Only there is no “whatever happens” with conventions any more. And there really hasn’t been since…since…Well, I remember my late, lamented Newsday colleague Murray Kempton telling me that not since 1952 have there been political conventions whose outcome was far from certain. That year, it was true for both parties as Robert Taft and what was then the Republican paleo-conservative wing were still in position to hold off Dwight Eisenhower and his Eastern Establishment backers while everything was so up in the air for the Democrats that the now-forgotten Estes Kefaufer was holding off the likes of Dick Russell and Averill Harriman until Harry Truman reached into his hat and pulled out Adlai Stevenson. As I was still in utero that summer, I never got to see or hear any of these hi-jinks.

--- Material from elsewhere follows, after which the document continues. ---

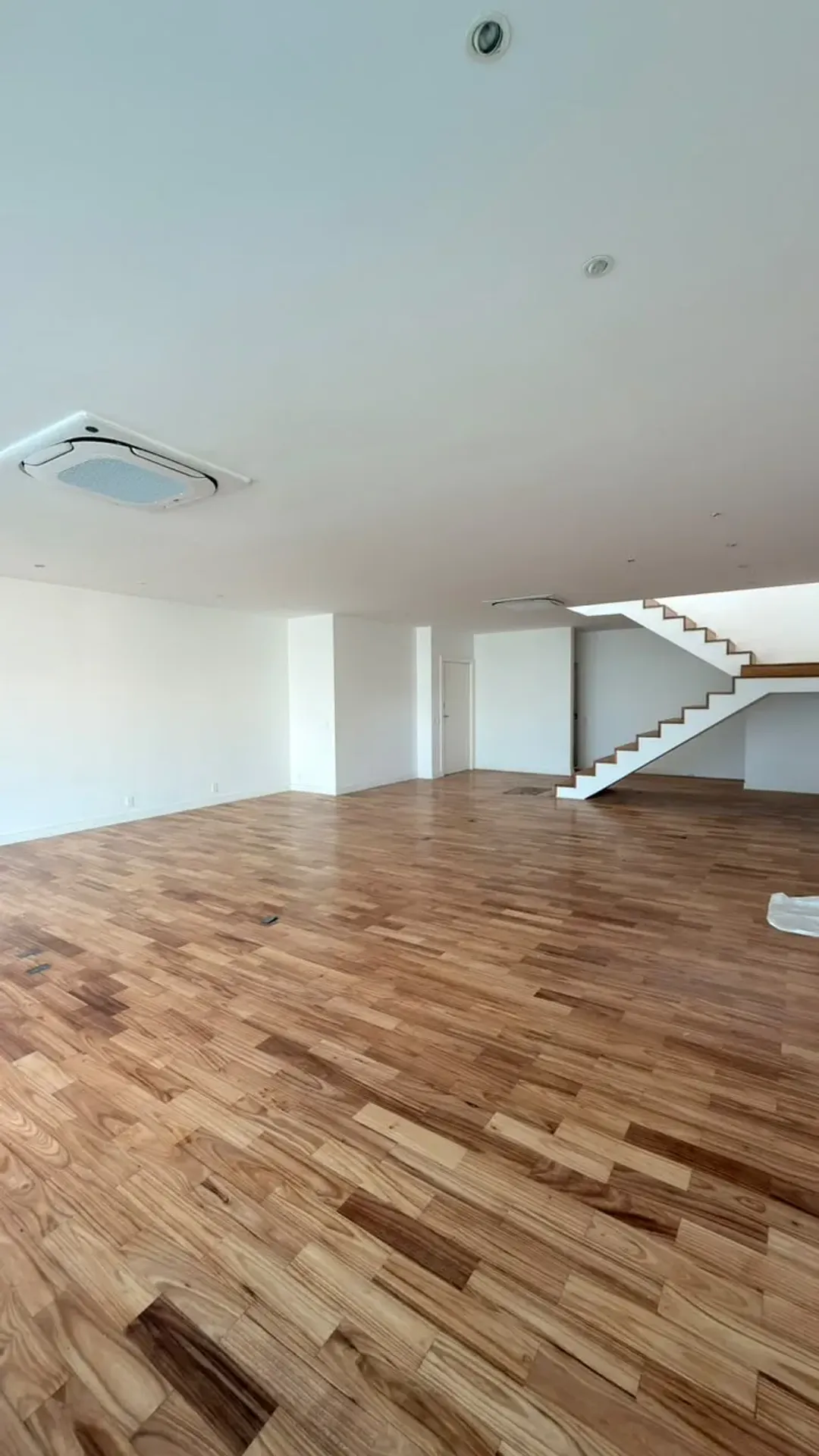 575 m² apartment with 5 en-suite bedrooms and glass balcony — photo 8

So why was I so hyped about this stuff in1964? Well, because it was the sixties and there was so much stuff happening all the time back then, most of it on live TV, that you were afraid you’d miss something if you weren’t looking. So I stared at the Republicans assembling in San Francisco that July as Bill Scranton, the Eastern Establishment’s pride-and-joy was about to get crushed by the locomotive momentum of the conservatives’ newest hero Barry Goldwater. I actually watched the Democratic coronation in Atlantic City a month later as Lyndon Johnson toyed with Hubert Humphrey’s neediness for the vice-presidency the way a cat tweaks a mouse.

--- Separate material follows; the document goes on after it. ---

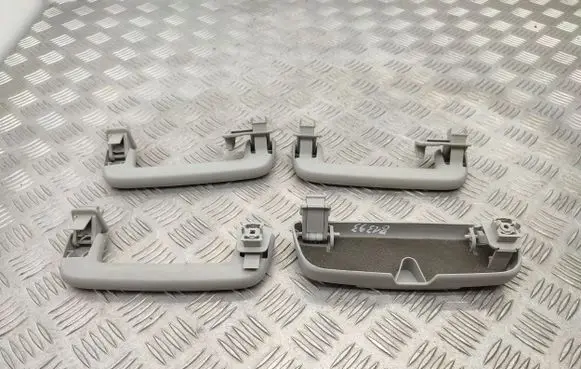 Ford B-MAX A set of handles for the ceiling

(What I didn’t know until many years later was that LBJ, who for some unfathomable reason was paranoid about losing southern states in an election that was already being forecast as his own private landslide, forced Humphrey to tell a renegade Mississippi delegation of black and white civil-rights activists to go home and give way to the segregationist regulars. If poor Hubert didn’t do it, it’s been said, Johnson would have tapped someone else for the ticket. No Dunphy went through as humiliating a hazing as Humphrey did by telling such courageous people as Fannie Lou Hamer and Bob Moses that they’d come all the way to the Jersey Shore for nothing.  And you wonder what would have happened to Humphrey if he’d simply told Johnson that the vice-presidency wasn’t worth it. He and the rest of us might have all been better off in the long run, maybe… Anyhow, I digress here to explain how even the backstage stuff of conventions was more interesting in days long past.)

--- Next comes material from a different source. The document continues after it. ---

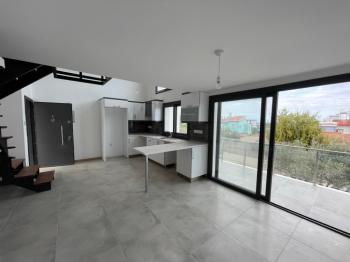  KIBRIS GİRNE ALSANCAK TA ANA CADDEYE YÜRÜME MESAFESİNDE HAVUZLI 1+1 DUBLEX DAİRE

When the nominees were foregone conclusions, there was always something that leaped out of the corners, a breakout speech, an unexpected switch in the program. I remember when Gerald Ford was supposedly all wrapped up to be Ronald Reagan’s running mate in 1980 when just before Reagan’s nomination-night appearance, CBS’s Lesley Stahl broke the news that the deal with Ford was off and George H.W. Bush would be the running mate. (“Walter!” she said. “It’s Bush! It’s Bush!”) This year, I was secretly hoping Newt Gingrich would ramrod his delusions of grandeur all the way to convention time if only for comedy’s sake. He seemed to hate Mitt Romney enough to go through with it. But as with much else about Newt, this was empty bluster stoked by antediluvian romanticism.

Some sentimentalists believe that someday, somehow, there will be a presidential nominating race that wont be settled by the primaries. But there have now been at least three generations who have no idea why being “nominated on the first ballot” is such a big deal. And if we’ve gone this long without that happening, then the next question is, besides sentiment (and, of course, the local diversions), why bother having conventions in the first place? I never thought I’d ask such a question. But it’s going to be a loooong couple weeks of me holding the remote, grazing for true enlightenment.